# [DATA RECORDS]
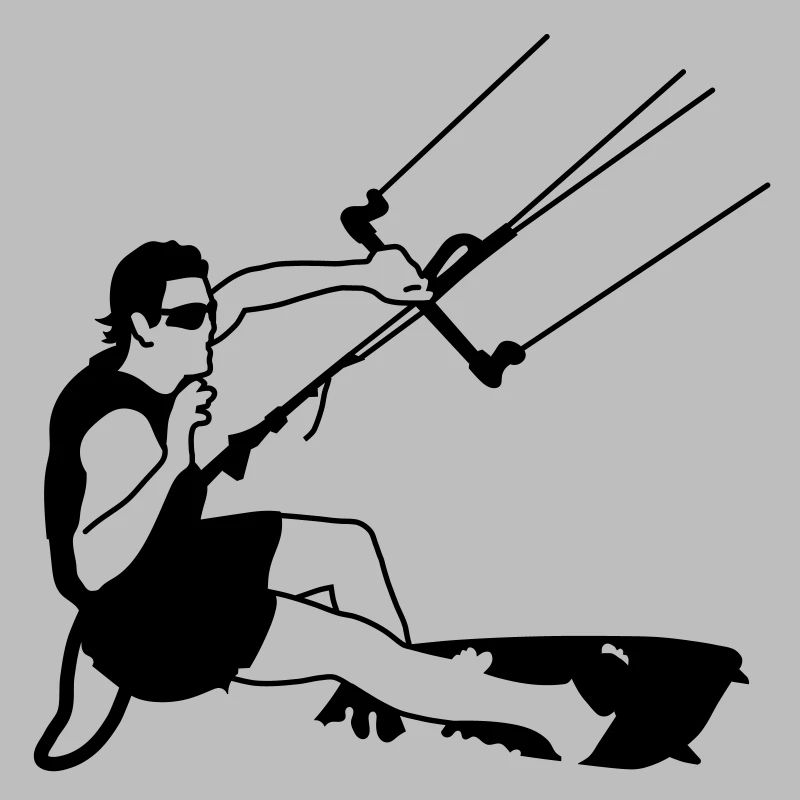 kitesurfer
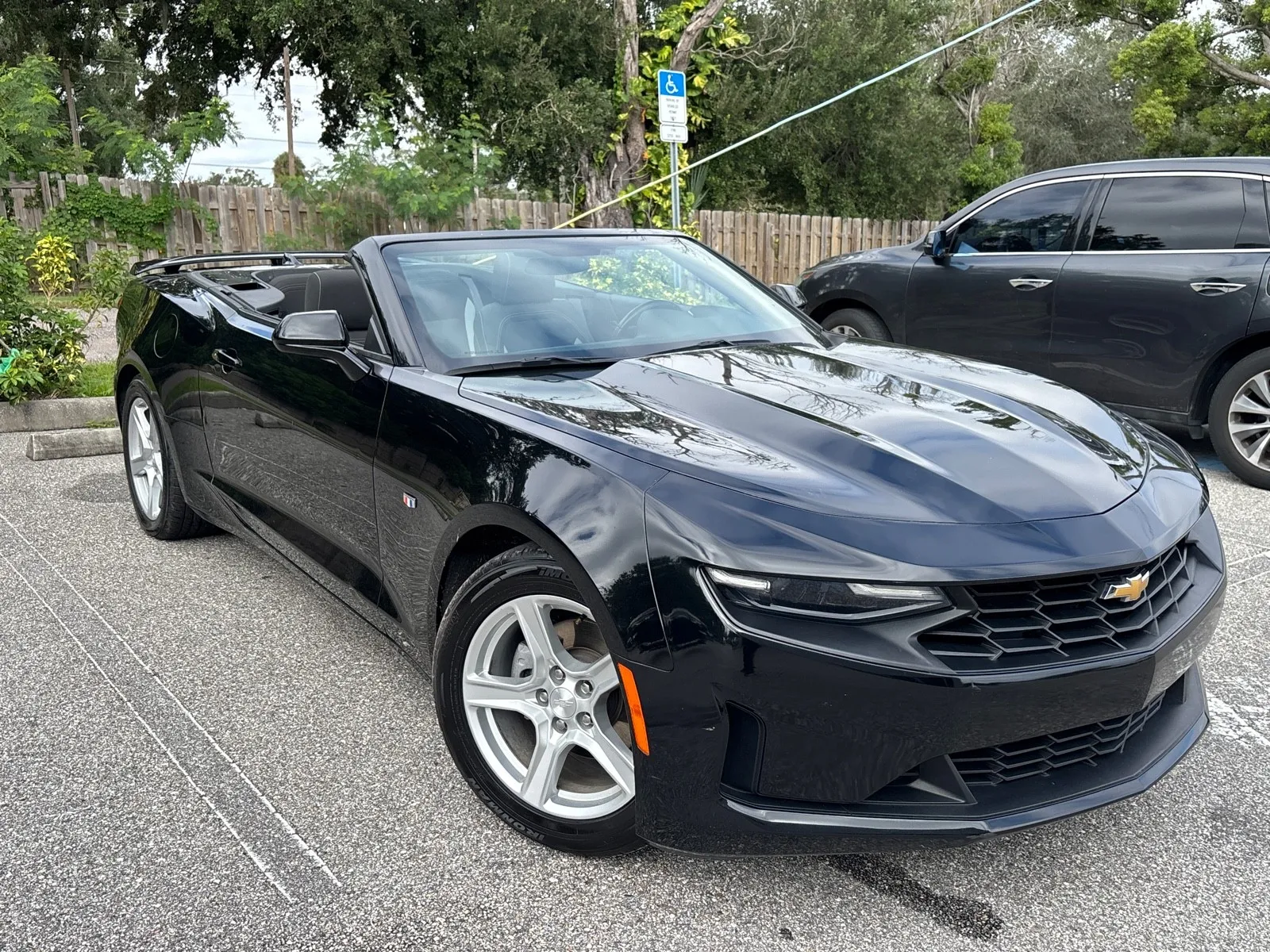 2023 Chevrolet Camaro 1LT - Photo 11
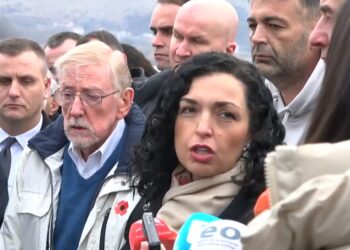 Osmani: Kërkimi i drejtësisë për Masakrën e Reçakut, detyrë e shenjtë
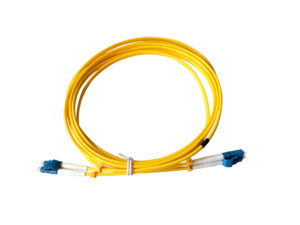 lc duplex single mode fiber patch cable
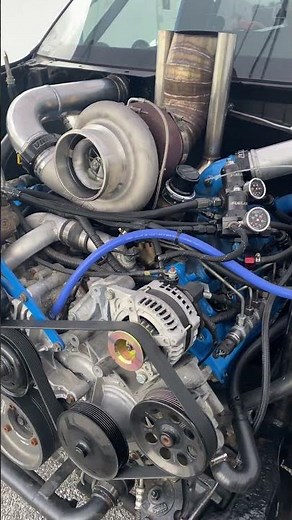 1,300-HP 6.7L Powerstroke Engine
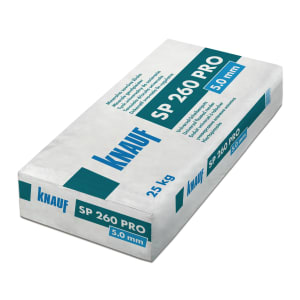 Knauf SP 260 Pro Knauf SP 260 Pro
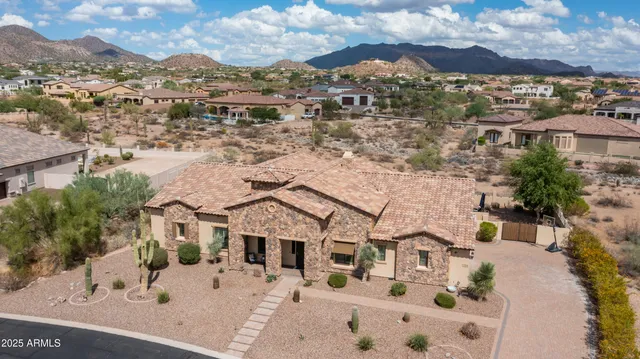 $1,415,000 | 2255 North Hillridge, Mesa, AZ 85207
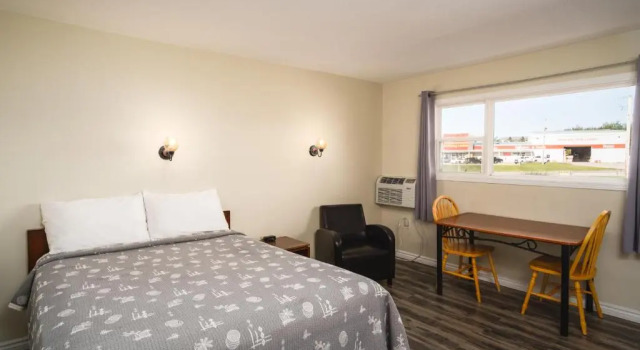 Номер Standard Hebridean Motel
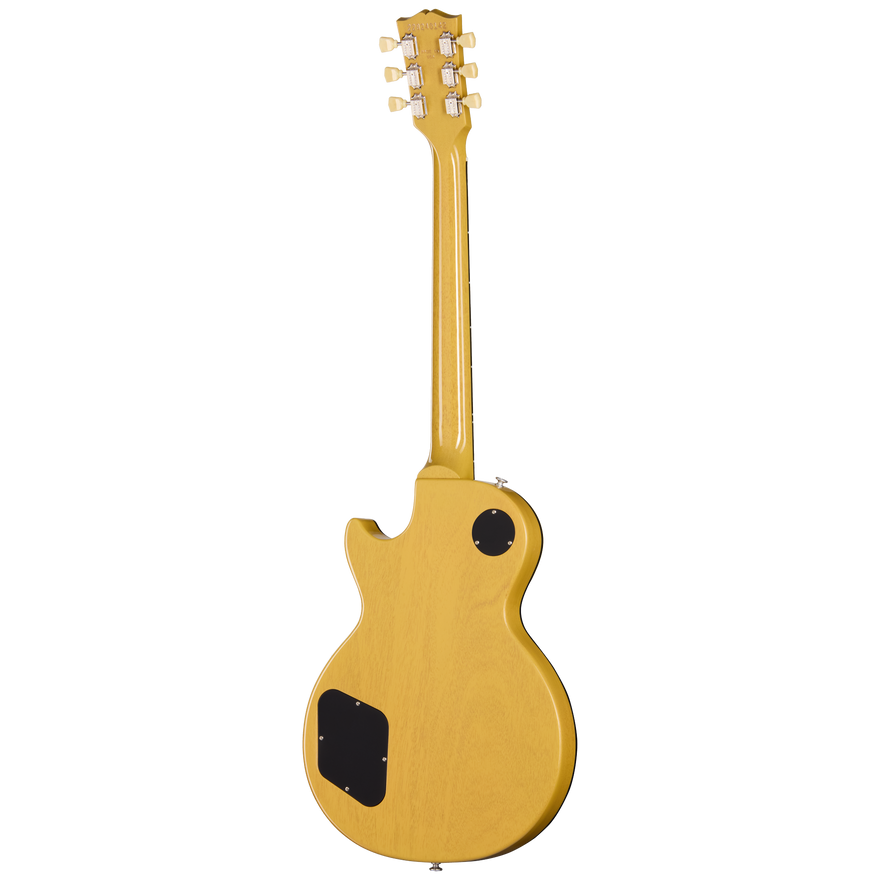 Gibson Les Paul Standard 50s Mahogany Top, TV Yellow Electric Guitar Gibson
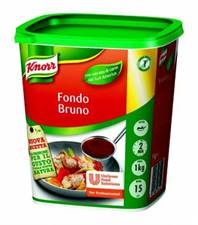 FONDO BRUNO S/GLUT.LEGATO KNORR GRANUL.500GR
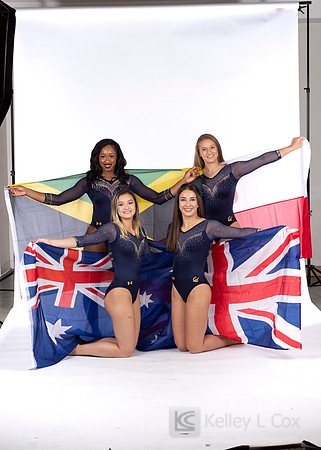 Toni-Ann Williams, Emi Watterson, Alma Kuc, Abi Solari
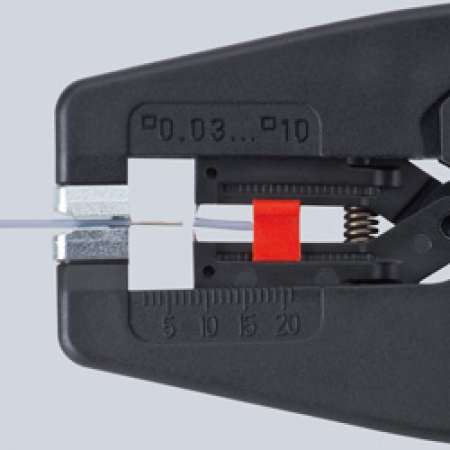 Стриппер для проводов Knipex 12 42 195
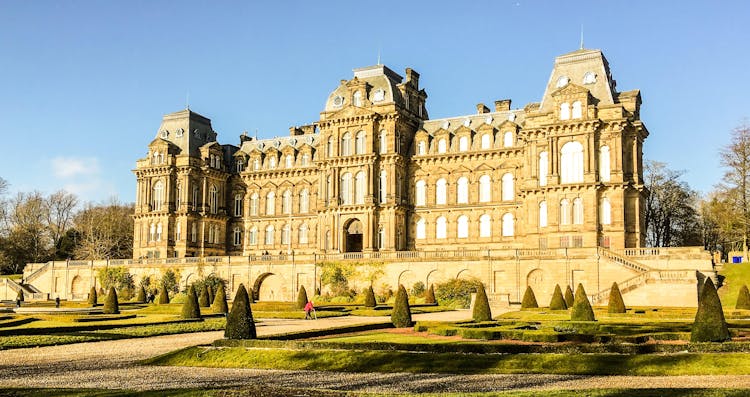 The Bowes Museum In Barnard Castle 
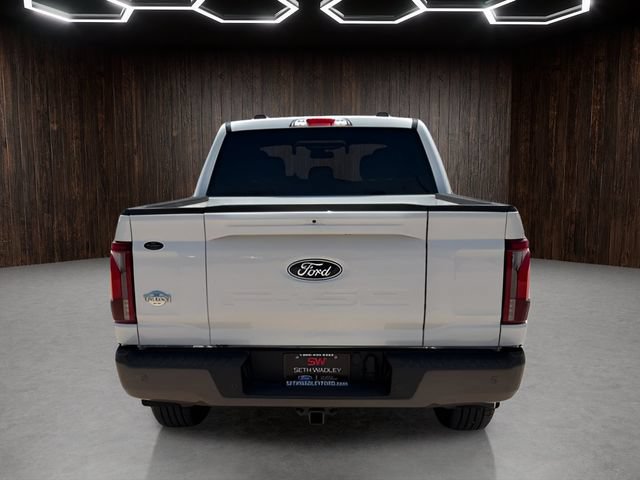 Certified 2026 Ford F150 King Ranch w/ Equipment Group 601A High AWD/4WD image 6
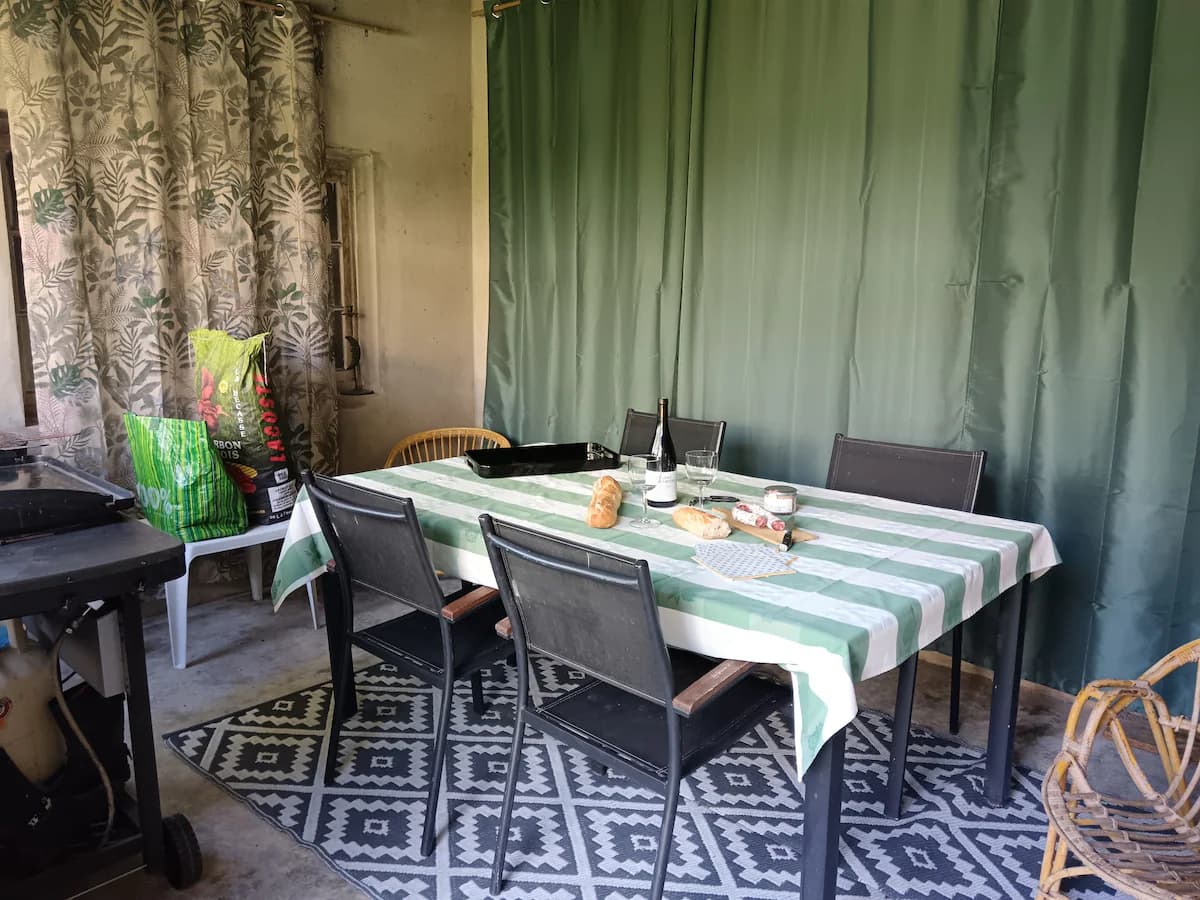 Chez Carole, le jardin secret au coeur du village in Vazerac, photo 20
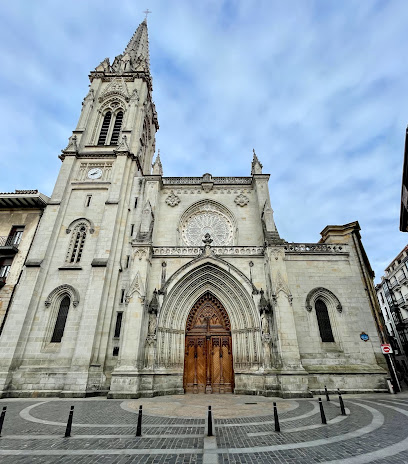 Catedral de Santiago de Bilbao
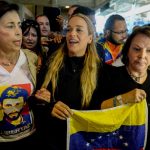 VENEZUELA-POLITICS-TINTORI-LEDEZMA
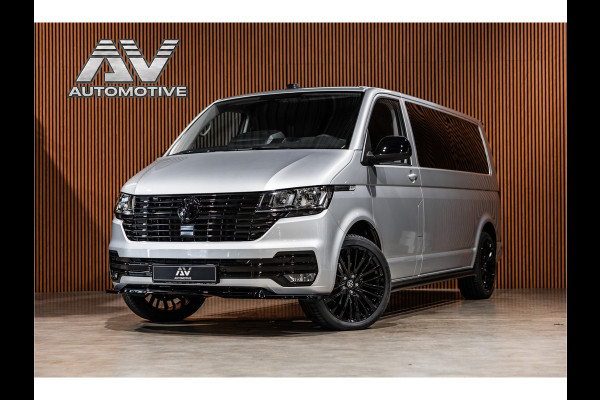 Volkswagen Transporter T6.1 2.0 TDI 150 PK L2H1 DSG DC | Dubbel cabine | 6-Zitter | Bi-Xenon | Camera | CarPlay | MF Stuur | Nieuw | BPM Vrij | DAB | Trekhaak | Cruise control
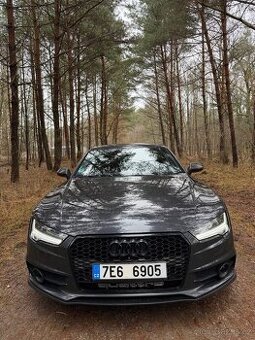Audi A7 3.0 BiTDI Quattro 320 k | 194 000 km |  | TOP stav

# [EXERCISE]
Exclude the pictures, and output exactly the lines from the one with "Volkswagen Transporter T6.1" through the last line of the records, both included.

# [RESULT]
 Volkswagen Transporter T6.1 2.0 TDI 150 PK L2H1 DSG DC | Dubbel cabine | 6-Zitter | Bi-Xenon | Camera | CarPlay | MF Stuur | Nieuw | BPM Vrij | DAB | Trekhaak | Cruise control
Audi A7 3.0 BiTDI Quattro 320 k | 194 000 km |  | TOP stav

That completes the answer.